Northrop Grumman and the maker of Airbus planes beat out Boeing Co to win a US$35 billion government contract to build military refueling planes, the US Air Force said on Friday.
The selection of Los Angeles-based Northrop Grumman and its Paris-based partner, European Aeronautic Defense and Space Co (EADS), came as a surprise to Wall Street.
It is a big blow to Chicago-based Boeing, which has been supplying refueling tankers to the Air Force for nearly 50 years and had been widely expected to win the deal.
PHOTO: AP
The contract positions EADS to break into the US military market in a big way. And it opens up a huge new business opportunity for Northrop Grumman.
In after-hours trading, shares of Northrop climbed US$3.74 to US$82.37, while Boeing's stock price fell US$2.59 to US$80.10.
The Air Force has estimated the tanker contract will be worth between US$30 billion and US$40 billion over 10 to 15 years. It is the first of three deals that could eventually be worth as much as US$100 billion over 30 years to replace the entire Air Force fleet of nearly 600 refueling tankers.
As the winners of the first award, EADS and Northrop will be in a strong position to win the two follow-on deals, analysts believe.
Military officials say the Air Force is long overdue to replace its air-to-air refueling tankers, which allow fighter jets and other aircraft to refuel without landing. The service currently flies 531 Eisenhower-era tankers and another 59 tankers built in the 1980s by McDonnell Douglas, now part of Boeing.
But the new contract has emerged as a major test for the Air Force, which is trying to rebuild a tattered reputation after a procurement scandal in 2003 sent a top Air Force acquisition official to prison for conflict of interest and led to the collapse of an earlier tanker contract with Boeing.
The tanker deal is also certain to become a flashpoint in a heated debate over the military's use of foreign contractors since Boeing painted the competition as a fight between a US company and its European rival. The Chicago-based company is expected to protest the decision.

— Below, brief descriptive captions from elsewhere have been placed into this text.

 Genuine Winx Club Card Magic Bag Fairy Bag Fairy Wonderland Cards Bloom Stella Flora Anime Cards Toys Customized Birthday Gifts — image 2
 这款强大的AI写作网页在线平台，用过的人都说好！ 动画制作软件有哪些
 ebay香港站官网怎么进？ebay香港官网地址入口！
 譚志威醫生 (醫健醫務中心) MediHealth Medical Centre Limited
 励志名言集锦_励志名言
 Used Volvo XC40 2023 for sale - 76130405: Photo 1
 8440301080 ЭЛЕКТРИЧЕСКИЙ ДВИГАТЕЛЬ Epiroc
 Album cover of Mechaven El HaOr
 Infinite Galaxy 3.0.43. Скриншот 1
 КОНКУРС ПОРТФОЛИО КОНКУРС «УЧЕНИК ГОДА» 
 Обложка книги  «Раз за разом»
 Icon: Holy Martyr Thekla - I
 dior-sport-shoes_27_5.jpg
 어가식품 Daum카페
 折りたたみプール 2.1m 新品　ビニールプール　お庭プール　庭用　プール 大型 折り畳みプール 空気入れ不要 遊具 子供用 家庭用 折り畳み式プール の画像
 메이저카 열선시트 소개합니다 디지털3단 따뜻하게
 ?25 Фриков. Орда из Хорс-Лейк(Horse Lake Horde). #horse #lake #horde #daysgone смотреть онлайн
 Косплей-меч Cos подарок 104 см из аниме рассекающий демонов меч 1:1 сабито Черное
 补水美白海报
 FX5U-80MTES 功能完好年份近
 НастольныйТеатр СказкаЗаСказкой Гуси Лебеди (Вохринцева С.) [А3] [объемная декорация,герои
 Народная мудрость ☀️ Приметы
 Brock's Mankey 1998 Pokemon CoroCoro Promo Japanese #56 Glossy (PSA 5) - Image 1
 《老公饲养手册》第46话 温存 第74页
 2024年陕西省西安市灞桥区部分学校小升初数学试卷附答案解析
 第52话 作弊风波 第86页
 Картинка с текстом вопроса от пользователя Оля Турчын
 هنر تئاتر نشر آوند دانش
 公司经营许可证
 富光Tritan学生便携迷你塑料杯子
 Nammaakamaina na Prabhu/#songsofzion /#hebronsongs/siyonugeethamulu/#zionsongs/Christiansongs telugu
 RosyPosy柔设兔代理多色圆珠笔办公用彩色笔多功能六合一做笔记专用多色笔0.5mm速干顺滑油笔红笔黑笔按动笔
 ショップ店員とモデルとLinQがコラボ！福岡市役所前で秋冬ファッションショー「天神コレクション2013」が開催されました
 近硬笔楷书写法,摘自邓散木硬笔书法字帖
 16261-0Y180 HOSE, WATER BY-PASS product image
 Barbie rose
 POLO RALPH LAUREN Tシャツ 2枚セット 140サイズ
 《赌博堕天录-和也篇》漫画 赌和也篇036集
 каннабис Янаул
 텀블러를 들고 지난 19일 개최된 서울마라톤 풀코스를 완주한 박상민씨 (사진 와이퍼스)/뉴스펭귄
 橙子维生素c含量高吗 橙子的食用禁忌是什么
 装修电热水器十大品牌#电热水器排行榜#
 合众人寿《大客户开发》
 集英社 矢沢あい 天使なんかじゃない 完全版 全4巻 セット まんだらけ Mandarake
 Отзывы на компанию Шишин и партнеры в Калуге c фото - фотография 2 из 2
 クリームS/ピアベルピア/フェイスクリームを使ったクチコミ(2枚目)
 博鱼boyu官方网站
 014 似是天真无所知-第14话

The EADS/Northrop Grumman team plans to perform its final assembly work in Mobile, Alabama, although the underlying plane would mostly be built in Europe. And it would use General Electric engines built in North Carolina and Ohio. Northrop Grumman, which is based in Los Angeles, estimates a Northrop/EADS win would produce 2,000 new jobs in Mobile and support 25,000 jobs at US suppliers.